I already have a schema for all of these. They aren’t complicated. I just need to get them standardized and presented as part of the API Common GitHub organization and published to a new version of the website. I am not worried about them not being perfect—-I am just looking to get the conversation started.

Community Schema

As inspiration for the common schema, there are a range of existing artifacts in use across API providers to describe the surface areas of their APIs, which end up being published as APIs.json properties. These machine-readable artifacts are providing the technical details of what each API can do, and are increasingly used to power documentation, but also being shared by providers via GitHub and other channels.

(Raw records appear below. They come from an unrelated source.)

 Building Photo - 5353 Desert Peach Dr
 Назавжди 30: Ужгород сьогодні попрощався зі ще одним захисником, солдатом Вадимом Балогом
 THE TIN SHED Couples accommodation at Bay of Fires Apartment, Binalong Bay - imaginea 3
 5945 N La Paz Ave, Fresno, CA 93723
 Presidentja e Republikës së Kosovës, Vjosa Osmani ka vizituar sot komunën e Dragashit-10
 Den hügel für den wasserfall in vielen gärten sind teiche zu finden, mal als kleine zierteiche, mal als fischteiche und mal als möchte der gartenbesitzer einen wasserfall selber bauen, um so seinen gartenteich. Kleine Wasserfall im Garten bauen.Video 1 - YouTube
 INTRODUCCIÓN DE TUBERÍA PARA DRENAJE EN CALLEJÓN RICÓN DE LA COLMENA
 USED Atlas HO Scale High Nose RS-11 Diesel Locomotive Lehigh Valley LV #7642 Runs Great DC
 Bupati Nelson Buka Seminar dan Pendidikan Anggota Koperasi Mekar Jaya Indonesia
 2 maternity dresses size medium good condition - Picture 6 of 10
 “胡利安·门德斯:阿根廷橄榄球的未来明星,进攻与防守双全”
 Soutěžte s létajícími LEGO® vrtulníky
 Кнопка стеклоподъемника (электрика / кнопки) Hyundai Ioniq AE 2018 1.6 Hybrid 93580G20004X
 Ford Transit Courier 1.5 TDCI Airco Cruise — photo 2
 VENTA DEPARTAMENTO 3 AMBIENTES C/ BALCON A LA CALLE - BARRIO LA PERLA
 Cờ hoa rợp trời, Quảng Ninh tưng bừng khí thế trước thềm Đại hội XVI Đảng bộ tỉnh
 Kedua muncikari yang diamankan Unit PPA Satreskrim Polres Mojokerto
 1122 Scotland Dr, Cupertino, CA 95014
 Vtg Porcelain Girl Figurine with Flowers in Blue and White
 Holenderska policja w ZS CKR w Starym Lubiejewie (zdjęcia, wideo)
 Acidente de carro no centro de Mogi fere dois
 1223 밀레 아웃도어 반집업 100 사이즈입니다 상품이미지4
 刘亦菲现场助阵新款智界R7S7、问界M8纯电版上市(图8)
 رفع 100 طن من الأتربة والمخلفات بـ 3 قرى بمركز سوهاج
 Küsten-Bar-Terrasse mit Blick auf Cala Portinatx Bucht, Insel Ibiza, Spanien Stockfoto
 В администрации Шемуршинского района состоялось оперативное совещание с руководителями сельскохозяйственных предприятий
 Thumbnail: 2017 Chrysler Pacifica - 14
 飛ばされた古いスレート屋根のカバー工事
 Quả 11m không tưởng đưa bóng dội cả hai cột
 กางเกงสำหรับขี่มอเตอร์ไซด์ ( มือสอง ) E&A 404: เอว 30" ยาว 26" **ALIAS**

  • AsyncAPI - Providing an artifact to describe our event-driven API infrastructure.
  • RSS / Atom Feed - A good ol Atom or RSS feed for our blog or other property.
  • GraphQL Schema - A GraphQL schema describing the graph APIs we make available.
  • JSON Schema - Allowing us to define and validate the objects we pass back and forth.
  • OpenAPI - Providing an artifact to describe our request and response API infrastructure.
  • Postman Collection - Publishing collections that can be used in the Postman API client.
  • WADL - Providing a way for legacy systems to express the surface area in XML.
  • WSDL - Utilizing the WSDL that is published by legacy systems that are still in use.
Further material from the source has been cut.